TASK REQUIREMENTS
When you reach the line containing "Продавам лаптоп Lenovo" in the data below, begin returning lines exactly as written, and stop once the line containing "31 Marway, Mashpee, MA 02649" has been returned.

RECORDS SHOWN
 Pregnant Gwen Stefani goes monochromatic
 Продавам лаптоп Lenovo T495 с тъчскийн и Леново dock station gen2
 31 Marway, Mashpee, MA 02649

* * *

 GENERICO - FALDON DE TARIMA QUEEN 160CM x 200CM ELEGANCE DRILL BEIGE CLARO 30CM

ANSWER BELOW
 Продавам лаптоп Lenovo T495 с тъчскийн и Леново dock station gen2
 31 Marway, Mashpee, MA 02649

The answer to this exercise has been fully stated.